Er hatte sich als Wehrpflichtiger freiwillig für den Dienst bei der Bundeswehr entschieden - und es sich dann doch anders überlegt: Ab November 2011 war der heute 24-jährige Soldat einer Jägereinheit in Hammelburg elf Monate einfach weg von der Truppe, ohne dass er sich abgemeldet hatte.
Das Amtsgericht Schweinfurt verurteilte ihn jetzt wegen Fahnenflucht zu einem Jahr Haft auf Bewährung.
Was bei der mündlichen Hauptverhandlung an Einzelheiten zur Sprache kam, konnte schon Erstaunen auslösen. Demnach war der Soldat sowohl in seiner regulären Dienstzeit als auch in der Zeit der Verlängerung ein eifriger Konsument von Drogen und Alkohol. Psychosen waren ihm attestiert worden, dass er halluziniert und Stimmen hört, dass er zeitweise in den Iran zum Kämpfen wollte - und so fort.
Kokain, LSD, Pilze, Speed, Ecstasy, Haschisch hat er nach eigenen Aussagen konsumiert. Beim Bund habe er außerdem "ziemlich viel getrunken", so der Angeklagte, der aus der Untersuchungshaft vorgeführt worden war. Zweimal war er schon "im Bunker", jeweils 21 Tage wegen "unerlaubter Abwesenheit vom Dienst". Wegen der Fahnenflucht über elf Monate wurde er mit Haftbefehl gesucht - und beim Schwarzfahren im Zug festgenommen.

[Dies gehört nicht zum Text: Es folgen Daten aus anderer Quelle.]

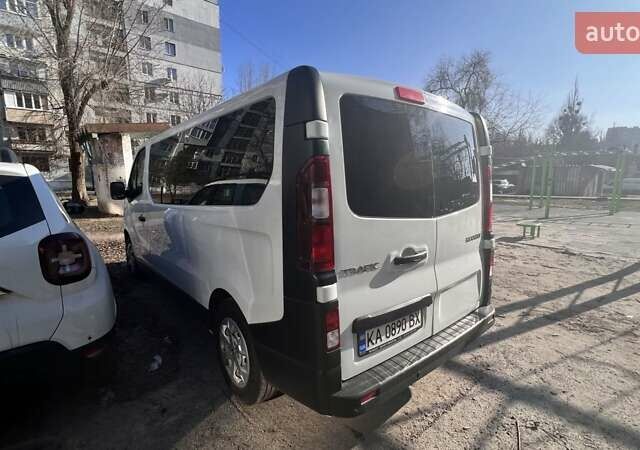 Белый Рено Трафик, объемом двигателя 1.6 л и пробегом 70 тыс. км за 29000 $, фото 11 на Automoto.ua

Von der Truppe will er sich entfernt haben, weil angesichts seiner drogenbedingten Psychosen lieber mit keiner scharfen Waffe zu tun haben wollte, um sich und andere zu schützen, und weil seine damalige Freundin nicht wollte, dass er in einen Auslandseinsatz geht - etwa nach Afghanistan. Der Verteidiger fragte sich, ob sein Mandant in seinem damaligen Zustand überhaupt arbeitsfähig war.
Im Sinne der Truppe wäre es nicht gewesen, wäre der Angeklagte - drogenabhängig und mit Stimmen im Kopf - nach Afghanistan geschickt worden, meinte sein Anwalt. Er habe sogar den richtigen Schluss gezogen, sich zu entziehen, bevor er für die Truppe gefährlich wird. Er plädierte auf Geldstrafe oder Freiheitsstrafe unter einem Jahr auf Bewährung. Der Staatsanwalt hatte ein Jahr und vier Monate Haft ohne Bewährung gefordert. Der Amtsrichter wollte dem Mann die Chance, für ein straffreies Leben Fuß zu fassen bei der Familie, die ihm derzeit Arbeit gibt, nicht verbauen. Sein Urteil: ein Jahr auf Bewährung (drei Jahre) und eine Geldauflage von 500 Euro. Der Haftbefehl wurde aufgehoben.